• Problem to work on
The lines below from the one with "Men's Reggae Roots" up to and including the one with "Quorum 866-8-3280 Eight" are what you should set down, exactly and without pictures.

• Data supplied

━━━━━━━━━━

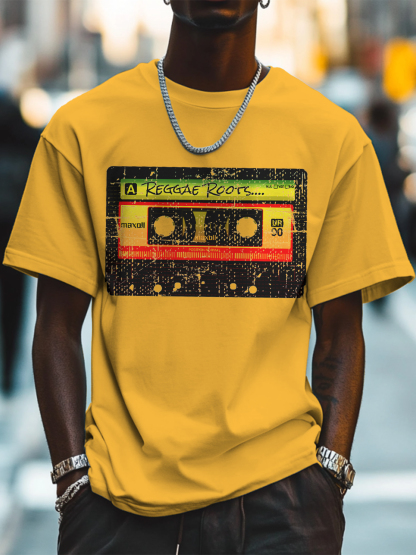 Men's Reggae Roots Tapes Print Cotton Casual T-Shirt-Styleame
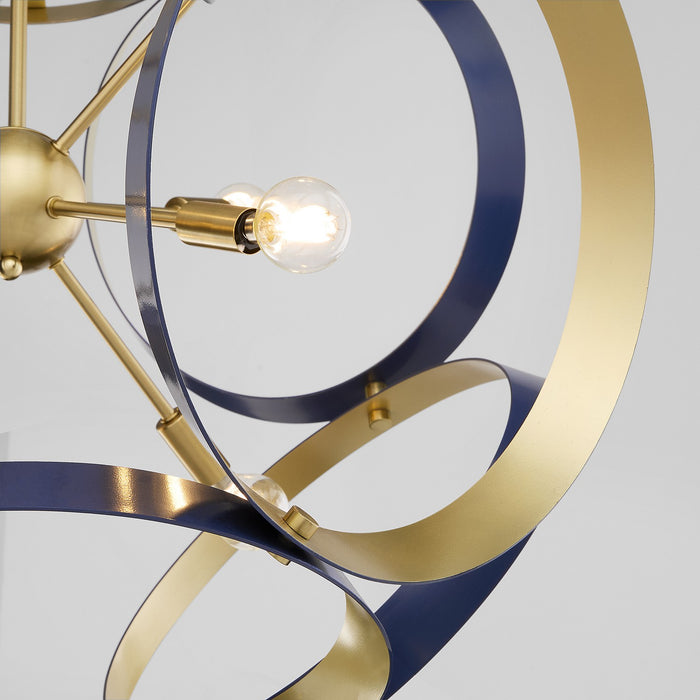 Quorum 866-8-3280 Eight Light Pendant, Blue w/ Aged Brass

━━━━━━━━━━

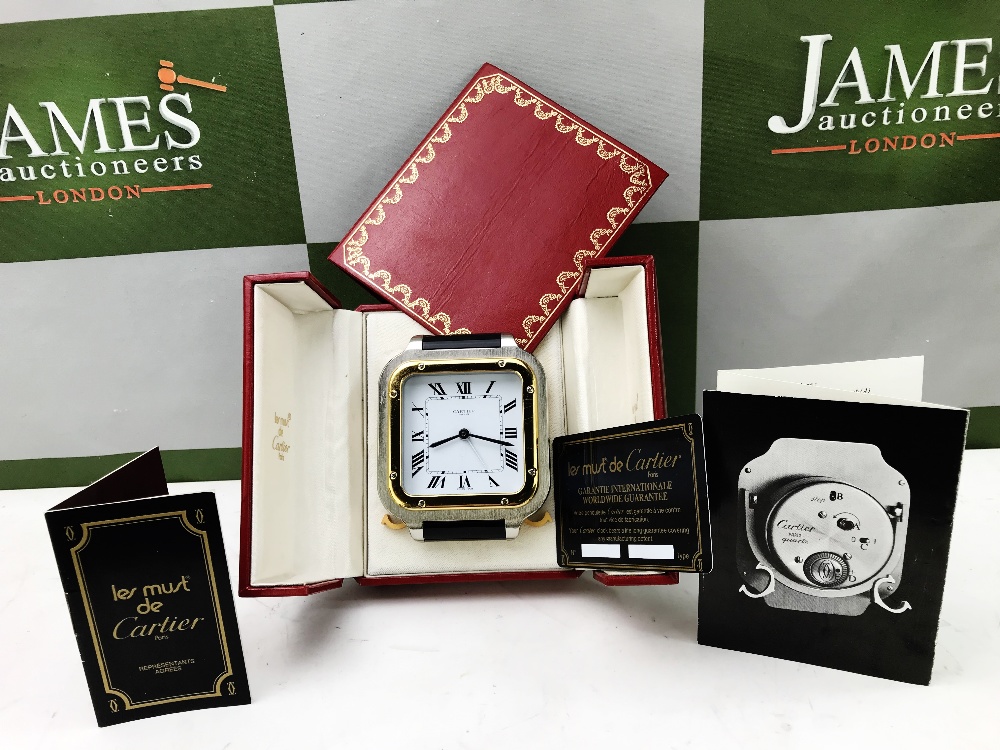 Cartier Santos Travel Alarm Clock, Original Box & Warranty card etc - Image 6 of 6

━━━━━━━━━━

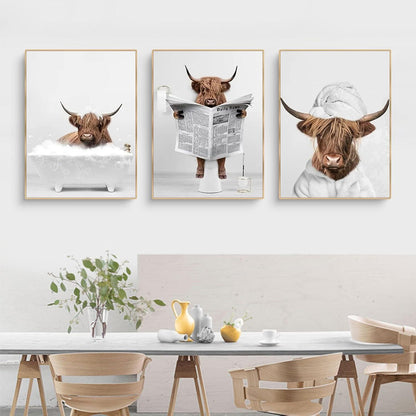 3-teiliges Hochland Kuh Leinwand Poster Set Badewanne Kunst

━━━━━━━━━━

• Task answer
 Men's Reggae Roots Tapes Print Cotton Casual T-Shirt-Styleame
 Quorum 866-8-3280 Eight Light Pendant, Blue w/ Aged Brass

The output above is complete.